Lucifer: Well, the Devil Went Down to California, Looking for Some Secrets to Steal (“Pilot”)


When a show opens with Cage the Elephant’s “Ain’t No Rest for the Wicked,” you know it’s going to be good. And FOX’s new show Lucifer, based on character originally created by Neil Gaiman in DC Comics’ The Sandman, does not disappoint.

The main reason the show comes off as well as it does is that its protagonist/anti-hero is so well portrayed. His opening scene tells us everything we need to know about him as a character – he speeds down the highway not giving any f***s, gets pulled over, persuades the cop to tell his secrets and then take a bribe, and finally speeds away to his nightclub. I mean really…what did you expect from the devil?

Then there’s the dialogue. There were so many excellent one-liners in the pilot alone (I’ve recapped some of them below, but there were more). The dialogue was fast-paced, sharp-tongued and utterly fantastic. Tom Ellis excels at portraying Lucifer Morningstar as sarcastic and witty.

Yet there’s also an excellent range of emotion there. He’s genuinely dumbfounded by detective Chloe Decker, who is immune to his charms. As the wonderful shrink Linda points out, it bothers him on a fundamental level that he can’t affect her, and he’s immensely intrigued by it – to the point of committing the very un-devilish act of saving her life.

There’s also a lot going on behind the scenes here from an otherworldly point of view. Amenadiel the angel shows up to chide Lucifer back into hell, and it’s clear that Lucifer feels he’s been unfairly put upon to be the bad guy. All of which begs the question – what’s actually happening in hell right now? There’s a lot for them to explore from this angle, and I look forward to it.

We also get a few tantalizing glimpses of what Lucifer really is – a brief reflection in some glass of a red-skinned devil, the glowing red eyes he uses to terrify a young child.

The plot itself was fairly basic and rightfully overshadowed by the dialogue and Tom Ellis just snarking his way through the entire episode. If the show wants to get renewed (and I hope it does), it needs to step up its plot game a little. But that’s the only complaint I’ve really got.

Perhaps what I liked most about the show was the way it evoked many different genres. The devils and angels bring both Buffy the Vampire Slayer and Supernatural to mind, two shows I very much enjoy.
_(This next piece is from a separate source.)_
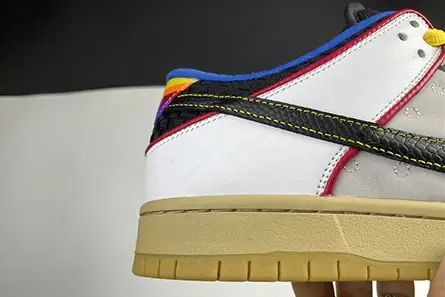 Nike SB Dunk Low What The Paul CZ2239-600 Bright 8396 
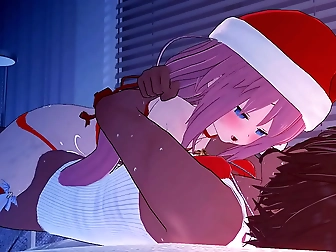 Sweet Ibuki Kanon Gets Messy With Sticky Bean Paste Action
The crime solving aspects brings to mind normal police shows like CSI and supernaturally oriented ones like Moonlight (sadly canceled a year or so before the great vampire craze) and Sleepy Hollow.

Suffice it all to say, I was excited for this show when I saw the preview – and I’m even more excited now that I’ve seen the first episode. I think I’ve got a new favorite show.

Now don’t f***ing cancel it, Fox.

Other Assorted Thoughts:

  • “The seventh of never til the fifth of it ain’t gonna happen” will be my new default response at work when people ask me when things will be done.
  • The priest recognizing Lucifer and just straight up fleeing…man, that was good.
  • “That’s boooooooring.” Perfect tone of voice. Also, Lucifer doesn’t read minds. He’s “not a Jedi.”
  • “My friends call me Trixie.” “That’s a hooker’s name.”
  • “Pound town” is joining the same list of amazing terms to use in everyday conversation as “spank bank” from Galavant.
  • “You know, you’re going to have to get better at lying if you want to be president.”
  • I’m so incredibly leery of the network this is on. I still haven’t forgiven those asshats at FOX for canceling Almost Human.